Canto de Todes
The Harold J. Miossi Gallery at Cuesta College is pleased to present Dorian Wood's Canto de Todes, a community-oriented project that explores the potential of music as a conduit for social change. This 12-hour composition is influenced by folk, popular, and experimental music, divided into three movements, and intended to exist as a long durational performance.
About Canto de Todes
Canto de Todes is a community-oriented project exploring the potential of music as a conduit for social change. It is a 12-hour composition influenced by folk, popular and experimental music, and divided into three movements. It is intended to exist as a long durational performance, in which the second movement is a 10-hour pre-recorded piece that unfolds through multiple channels across the length and breadth of a large space.
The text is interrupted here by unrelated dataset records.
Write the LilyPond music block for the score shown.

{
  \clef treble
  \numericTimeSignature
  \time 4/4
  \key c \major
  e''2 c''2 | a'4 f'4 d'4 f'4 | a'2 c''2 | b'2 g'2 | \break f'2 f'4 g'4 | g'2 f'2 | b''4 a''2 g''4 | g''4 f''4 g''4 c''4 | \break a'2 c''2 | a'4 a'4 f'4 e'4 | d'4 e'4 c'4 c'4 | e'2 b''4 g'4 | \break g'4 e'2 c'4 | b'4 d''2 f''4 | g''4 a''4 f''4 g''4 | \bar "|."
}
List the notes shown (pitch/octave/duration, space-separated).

Says Wood: “Since as far back as I can remember, I have been obsessed with infecting spaces, with my brownness, with my fatness with my overall individuality, all with the purpose of representing the often-marginalized communities I pertain to—at times referred to and treated as ‘infestations’ or ‘infections’—with the urgency to create and support spaces in which we can all feel welcome.”
Born in Los Angeles, of Costa Rican-Nicaraguan parents, Wood began playing piano at the age of 4, under the guidance of their grandfather, Calasanz Alvarez, a classical and jazz pianist who had enjoyed success in Costa Rica. The name Canto de Todes—Spanish for “Song of Everyone”—is taken from a song by the late Chilean singer-songwriter Violeta Parra. “Canto de Todes is an ode to the folk music I was brought up listening to,” says Wood. “The idea that music could simultaneously provide comfort and inspire social change has always excited me. The connections that artists like Violeta Parra, Victor Jara, Mercedes Sosa and Inti-Illimani made with their communities was crucial in their radical mass uprisings against oppression, and also unjustly put the lives of these artists in danger.”
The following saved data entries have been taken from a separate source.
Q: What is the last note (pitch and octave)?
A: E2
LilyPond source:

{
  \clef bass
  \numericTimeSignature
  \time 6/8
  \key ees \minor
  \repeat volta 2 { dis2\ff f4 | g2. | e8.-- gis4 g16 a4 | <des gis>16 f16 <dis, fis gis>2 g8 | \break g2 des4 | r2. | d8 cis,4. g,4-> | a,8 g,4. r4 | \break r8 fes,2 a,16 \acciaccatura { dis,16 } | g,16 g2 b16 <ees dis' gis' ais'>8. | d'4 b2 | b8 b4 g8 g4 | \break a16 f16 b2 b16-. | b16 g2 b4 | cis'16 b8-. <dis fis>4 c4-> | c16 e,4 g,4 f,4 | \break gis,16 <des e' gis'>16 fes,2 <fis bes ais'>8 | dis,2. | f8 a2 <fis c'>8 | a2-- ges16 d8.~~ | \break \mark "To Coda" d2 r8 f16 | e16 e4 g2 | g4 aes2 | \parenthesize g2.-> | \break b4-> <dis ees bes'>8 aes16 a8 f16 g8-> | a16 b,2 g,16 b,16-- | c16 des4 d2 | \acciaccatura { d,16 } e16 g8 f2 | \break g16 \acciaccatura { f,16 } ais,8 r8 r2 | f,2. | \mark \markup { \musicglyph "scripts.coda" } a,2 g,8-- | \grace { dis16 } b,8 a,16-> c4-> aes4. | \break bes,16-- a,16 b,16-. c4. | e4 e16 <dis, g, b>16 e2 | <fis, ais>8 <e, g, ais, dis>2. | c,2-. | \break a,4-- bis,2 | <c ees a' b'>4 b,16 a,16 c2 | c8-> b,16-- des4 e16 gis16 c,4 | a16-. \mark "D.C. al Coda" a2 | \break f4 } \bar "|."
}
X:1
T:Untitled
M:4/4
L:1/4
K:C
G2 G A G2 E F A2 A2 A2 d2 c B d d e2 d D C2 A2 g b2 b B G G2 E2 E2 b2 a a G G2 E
The first and third movements of Canto de Todes are hour-long chamber pieces, while the second movement is a 10-hour prerecorded composition comprised of several layers of Wood’s voice, creating an immersive, meditative and at times challenging environment for people to enter, experience and engage.
Wood began developing Canto de Todes in 2019 during an artist’s residency in Zaragoza, Spain, six months before the Covid-19 pandemic. Says Dorian: “I was invited by an organization called FUGA to create new work at Etopia, Centro de Arte y Tecnología. I recorded dozens of layers of my voice to create an initial four-hour aural panorama. I was happily surprised to witness people remain in the space for long periods of time during those four hours. This became the seed for what Canto de Todes is today.” In 2020, Wood received a Creative Capital award, which allowed them to fully realize this project.
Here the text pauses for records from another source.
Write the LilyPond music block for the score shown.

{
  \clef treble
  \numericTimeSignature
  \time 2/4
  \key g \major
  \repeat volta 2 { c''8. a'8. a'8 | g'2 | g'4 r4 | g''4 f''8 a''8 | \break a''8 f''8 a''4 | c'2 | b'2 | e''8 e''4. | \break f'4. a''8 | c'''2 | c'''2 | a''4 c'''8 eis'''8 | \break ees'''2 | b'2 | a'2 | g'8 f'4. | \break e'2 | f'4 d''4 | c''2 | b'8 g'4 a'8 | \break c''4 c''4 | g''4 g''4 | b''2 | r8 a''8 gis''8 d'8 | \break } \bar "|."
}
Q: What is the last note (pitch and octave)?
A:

In the final hour of the work is Movement III, a cantata for three voices, featuring Wood and vocalists Carmina Escobar and Roco Córdova. The cantata is a dream-like narrative piece about Wood’s childhood home in Los Angeles, and the 30+ years their family spent there after emigrating from Costa Rica. It is the project’s culmination; a tribute to the artist’s family, bringing this inspired journey full circle.
Says Wood: “My long-term goal with Canto de Todes is to tour it around the world, curating each presentation to incorporate collaborations with local artists whom we invite to permanently incorporate their respective visions into the body of this evolving piece.”
Wood also intends to bring Canto de Todes to a wide variety of spaces. “It will continue to grow and mutate with every incarnation, running parallel to the times we’re living in and impacted by every single collaborator I am blessed to work with. This project is an apex in my ongoing practice of exploring mindfulness through art as a means of strengthening communities and alliances, especially in times of extreme divisiveness and uncertainty. My dream would be that five, 10, 20 years from now, audiences will enter their own versions of Canto de Todes with the curiosity of experiencing something new and of the moment, custom-modified for their community, and informed by accumulated layers of ancestral energy.”